Okay. So Al goes and does his sample. He pulls out 75 big fish and becomes nearly certain that 3/4 of the fish are big. Afterwards, a guy named Bob comes to him and tells him he was sent by Charlie. Bob says he randomly sampled 100 fish, 25 of which were big. They exchange ALL of their information.

Question: How confident should each of them be that 3/4 of the fish are big?

Natural answer: Charlie should remain nearly certain that ¾ of the fish are big. He knew in advance that someone like Bob was certain to talk to him regardless of what proportion of fish were big. So he shouldn't be the least bit impressed after talking to Bob.

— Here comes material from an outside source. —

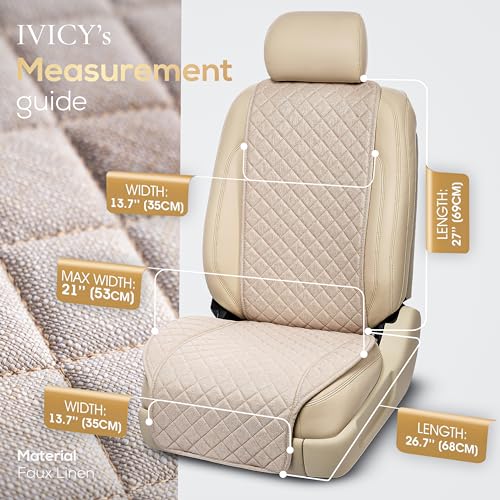 Funda protectora universal de lujo para asiento de automóvil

But what about Bob? What should he think? At first glance, you might think he should be 50/50, since 50% of the fish he knows about have been big and his access to Al's observations wasn't subject to a selection effect. But that can't be right, because then he would just be agreeing to disagree with Al! (This would be especially puzzling, since they have ALL the same information, having shared everything.) So maybe Bob should just agree with Al: he should be nearly certain that ¾ of the fish are big.

But that's a bit odd. It isn't terribly clear why Bob should discount all of his observations, since they don't seem to subject to any observation selection effect; at least from his perspective, his observations were a genuine random sample.

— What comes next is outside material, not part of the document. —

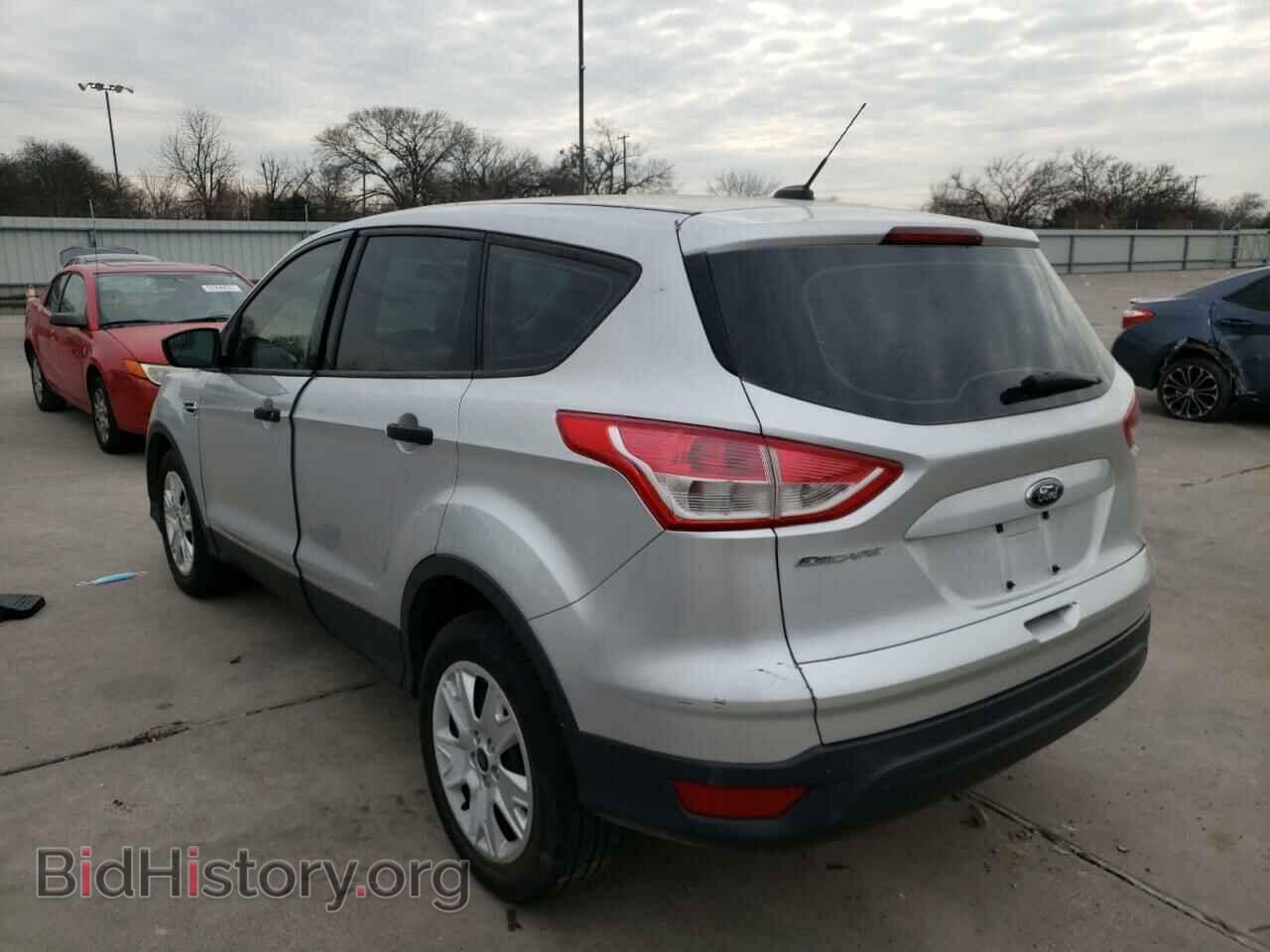 2013 FORD ESCAPE - VIN: 1FMCU0F79DUA53005 - Фото 3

Things get weirder if we consider a variant of the case.

VARIANT: as before, but Charlie has a similar conversation with Bob. Only this time, he tells him he's going to introduce Bob to someone who observed exactly 75 of 100 fish to be big.

New Question: Now what should Bob and Al think?

Here, things get really weird. By the reasoning that led to the Natural Answer above, Al should be nearly certain that ¾ are big and Bob should be nearly certain that ¼ are big. But that can't be right. They would just be agreeing to disagree! (Which would be especially puzzling, since they have ALL the same information.) The idea that they should favor one hypothesis in particular is also disconcerting, given the symmetry of the case. Should they both be 50/50?

Here's where I'd especially appreciate enlightenment: 1.If Bob should defer to Al in the original case, why? Can someone walk me through the calculations that lead to this?

2.If Bob should not defer to Al in the original case, is that because Al should change his mind? If so, what is wrong with the reasoning in the Natural Answer? If not, how can they agree to disagree?

3.If Bob should defer to Al in the original case, why not in the symmetrical variant?

4.What credence should they have in the symmetrical variant?

5.Can anyone refer me to some info on observation selection effects that could be applied here?